La frontière entre métal solide et métal liquide peut être beaucoup moins « solide » que nous ne l’avions jamais imaginé. Les chercheurs du RMIT ont découvert que la frontière liquide-solide peut fluctuer d'avant en arrière, les atomes métalliques proches de la surface se libérant de leur réseau cristallin.
En observant une masse d'alliage métallique se solidifiant dans une mer de métal liquide, l'équipe a pu observer un phénomène intéressant, jamais vu auparavant :le métal de surface passe d'un état solide à un état liquide et vice-versa.
Contrairement à ce que l'on appelle la pré-fusion, ce phénomène s'est produit à des températures étonnamment basses, bien en dessous de la température de fusion du métal solide (par exemple, 200°C en dessous du liquidus).
Le phénomène se produit également à une profondeur beaucoup plus grande que prévu dans le métal solide, jusqu'à 100 atomes de profondeur, et s'est poursuivi pendant plusieurs jours.
En plus d’être une nouvelle découverte fondamentale passionnante sur la chimie des métaux solides et liquides, elle pourrait éventuellement être appliquée partout où des alliages métalliques sont utilisés. L'étude est publiée dans Advanced Science .

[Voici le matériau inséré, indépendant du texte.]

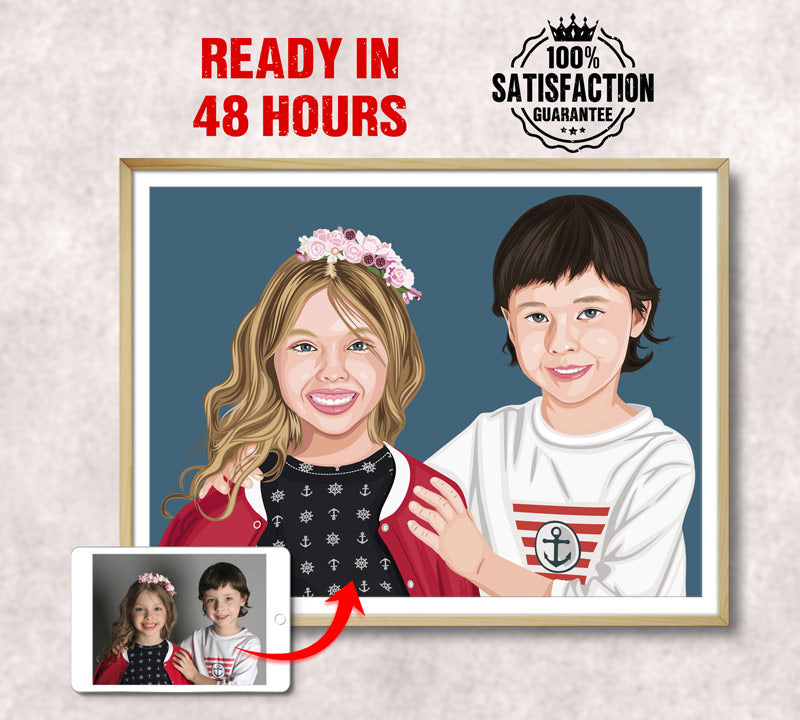 Realistic Couple Portrait Art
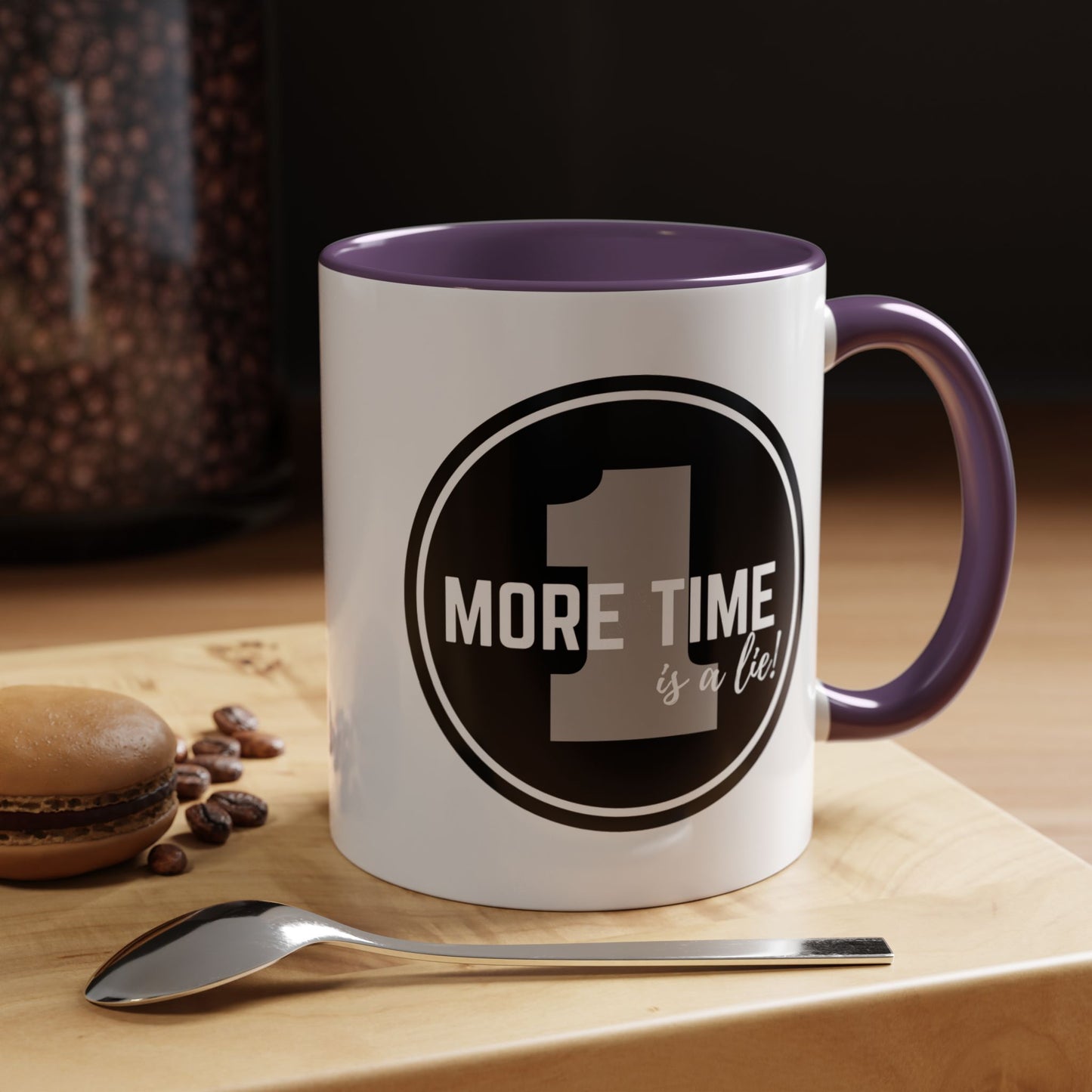 "One More Time is a Lie" Dance Quote Accent Coffee Mug – Bold Emblem Graphic Ceramic Cup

Dans la configuration expérimentale, une masse d'alliage métallique solide (cristallin) se forme (ou précipite à partir) d'un océan environnant de métal liquide, un processus courant dans la synthèse d'alliages métalliques.
Par exemple, une pépite d'alliage gallium-cuivre pourrait précipiter et croître dans une mer de gallium liquide lorsqu'elle refroidit à température ambiante, légèrement en dessous de la température de fusion du gallium (30°C), mais bien en dessous de la température de fusion du Cu-. Alliage Ga (256°C).
(Le phénomène de surface fluctuante récemment observé s'est produit dans tous les systèmes métalliques testés par l'équipe RMIT, mais est particulièrement bien défini dans le système cuivre-gallium.)
Malgré l'omniprésence du processus d'alliage de métal liquide, on sait étonnamment peu de choses sur la chimie de surface cruciale du processus, en raison de la nature opaque du bain de métal liquide.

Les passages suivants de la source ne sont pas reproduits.